START GIVEN DATA

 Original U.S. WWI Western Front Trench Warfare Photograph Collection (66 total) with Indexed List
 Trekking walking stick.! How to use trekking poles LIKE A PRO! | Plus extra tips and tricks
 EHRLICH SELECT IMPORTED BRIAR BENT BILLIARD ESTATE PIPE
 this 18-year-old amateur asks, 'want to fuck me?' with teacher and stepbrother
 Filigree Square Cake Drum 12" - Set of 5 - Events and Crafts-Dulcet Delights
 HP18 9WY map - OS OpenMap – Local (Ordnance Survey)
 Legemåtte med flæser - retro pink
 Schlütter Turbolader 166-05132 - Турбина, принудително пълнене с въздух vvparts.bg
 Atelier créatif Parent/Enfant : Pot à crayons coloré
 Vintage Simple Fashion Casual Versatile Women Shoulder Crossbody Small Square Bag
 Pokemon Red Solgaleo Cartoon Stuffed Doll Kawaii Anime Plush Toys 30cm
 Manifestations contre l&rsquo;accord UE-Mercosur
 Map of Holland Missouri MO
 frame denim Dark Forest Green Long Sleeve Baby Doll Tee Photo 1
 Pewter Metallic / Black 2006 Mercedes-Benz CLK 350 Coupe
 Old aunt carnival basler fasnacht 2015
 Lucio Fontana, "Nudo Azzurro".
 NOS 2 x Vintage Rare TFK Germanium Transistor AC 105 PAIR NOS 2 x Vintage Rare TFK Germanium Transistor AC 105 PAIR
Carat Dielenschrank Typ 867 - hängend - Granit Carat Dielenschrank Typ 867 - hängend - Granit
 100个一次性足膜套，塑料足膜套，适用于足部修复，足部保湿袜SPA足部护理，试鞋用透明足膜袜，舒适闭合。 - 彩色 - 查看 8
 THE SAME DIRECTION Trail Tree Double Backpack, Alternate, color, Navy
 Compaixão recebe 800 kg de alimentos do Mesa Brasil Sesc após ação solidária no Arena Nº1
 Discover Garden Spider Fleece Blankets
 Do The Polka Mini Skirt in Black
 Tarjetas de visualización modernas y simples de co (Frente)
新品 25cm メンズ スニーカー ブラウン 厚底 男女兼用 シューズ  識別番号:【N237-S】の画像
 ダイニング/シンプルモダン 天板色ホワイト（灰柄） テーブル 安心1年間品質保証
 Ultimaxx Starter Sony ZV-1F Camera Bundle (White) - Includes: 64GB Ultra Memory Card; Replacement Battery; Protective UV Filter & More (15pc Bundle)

END GIVEN DATA

Pick out every line of the listing containing the word "Doll", and show those lines.

▸ **WRITTEN SOLUTION**:
 Pokemon Red Solgaleo Cartoon Stuffed Doll Kawaii Anime Plush Toys 30cm
 frame denim Dark Forest Green Long Sleeve Baby Doll Tee Photo 1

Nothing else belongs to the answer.